╔══

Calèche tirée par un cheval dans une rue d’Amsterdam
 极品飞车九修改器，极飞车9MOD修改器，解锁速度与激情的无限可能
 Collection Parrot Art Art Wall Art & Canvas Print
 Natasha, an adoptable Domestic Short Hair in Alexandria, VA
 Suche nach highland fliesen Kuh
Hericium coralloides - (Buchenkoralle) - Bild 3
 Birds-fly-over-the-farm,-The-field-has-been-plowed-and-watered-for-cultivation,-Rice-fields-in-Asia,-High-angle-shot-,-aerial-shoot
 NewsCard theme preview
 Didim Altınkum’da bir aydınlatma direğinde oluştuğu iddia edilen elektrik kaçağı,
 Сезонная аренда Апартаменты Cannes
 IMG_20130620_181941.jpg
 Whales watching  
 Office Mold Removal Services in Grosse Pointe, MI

╚══

Exercise brief: Reproduce all the data precisely, word for word.

Task solution:
Calèche tirée par un cheval dans une rue d’Amsterdam
 极品飞车九修改器，极飞车9MOD修改器，解锁速度与激情的无限可能
 Collection Parrot Art Art Wall Art & Canvas Print
 Natasha, an adoptable Domestic Short Hair in Alexandria, VA
 Suche nach highland fliesen Kuh
Hericium coralloides - (Buchenkoralle) - Bild 3
 Birds-fly-over-the-farm,-The-field-has-been-plowed-and-watered-for-cultivation,-Rice-fields-in-Asia,-High-angle-shot-,-aerial-shoot
 NewsCard theme preview
 Didim Altınkum’da bir aydınlatma direğinde oluştuğu iddia edilen elektrik kaçağı,
 Сезонная аренда Апартаменты Cannes
 IMG_20130620_181941.jpg
 Whales watching  
 Office Mold Removal Services in Grosse Pointe, MI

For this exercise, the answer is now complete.